I suppose a good place to start is explaining why I haven't written in a while. I can't say that the quantity of school work here is as much as it would be if I were at Miami right now (classes started today without me...kind of sad), but I still keep busy. I have had two group projects in the past couple weeks, one of which I presented on Thursday and the other I am going to present this Wednesday. I'll spare the details of the first project to save energy for more exciting news, but I will tell you a bit about the project that I am still working on right now. It is for my Spanish class and each group has a theme related to Costa Rican culture.
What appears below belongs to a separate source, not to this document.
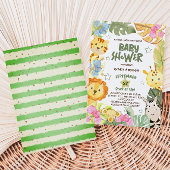 Safari Animals Waterverf Baby shower Kaart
Caitlin, Abby, and I "got stuck" with "Ritmos Bailables" (Dance Rhythms) because we were the only people who weren't entirely intimidated by the dancing aspect of the theme. We don't have to dance in front of the class, but given that Caitlin and I are both in a dance class, we have decided to do just that. I interviewed our dance instructor, Argerie, for my part of the project and she has agreed to come to class on Wednesday to give everyone a little lesson :) The project turned out to be more work than we had expected, but I'm having fun with it. Also classes-related, I have gotten back some of my first graded works and have done quite well. I have received over 100% on both of my quizzes for my literature class, thanks to extra credit questions, and I got an A on my first analysis for that class as well. I'm not sure how I did on my first presentation, but the professor seemed to like it. It's hard to tell, however, if other students and professors are just charmed/amused by us gringos or actually think we know what we're talking about. When Callie and I got up in front of the class to give our presentation, everyone paid a lot more attention to us than they did to the other groups and I even made them laugh a few times. I hate to admit it, but we have an automatic advantage as cute American females here in Costa Rica.

Outside of class, I haven't done anything incredibly exciting...I've been in Heredia for the past 3 weekends in a row, so I am definitely ready to travel again. We're planning to go somewhere this weekend...I'll tell you about it once I know exactly where we're going. I actually was quite bored and frustrated last weekend after several attempts to do something other than go to the mall to see a movie failed. This weekend, however, was much more successful. The whole weekend was fun, but I'll just give you the highlights, once again to save my energy. On Saturday night Callie, Abby, Caitlin, and I went to see a Russian ballet (El Ballet de Kiev) in San José. We bought the cheapest seats possible in the gallery, but little did we know that we would have to go down another street outside of the main building through this somewhat shady side door and then climb up a whole bunch of stairs to find benches rather than seats. All we could do was laugh as we awkwardly climbed up to our seats, all wearing dresses. The ballet itself was wonderful. Rather than its own story, it was a selection of pieces from different ballets including Don Quijote, Romeo and Juliet, the Nutcracker, and Swan Lake. It was nice to finally do something a bit out of the ordinary.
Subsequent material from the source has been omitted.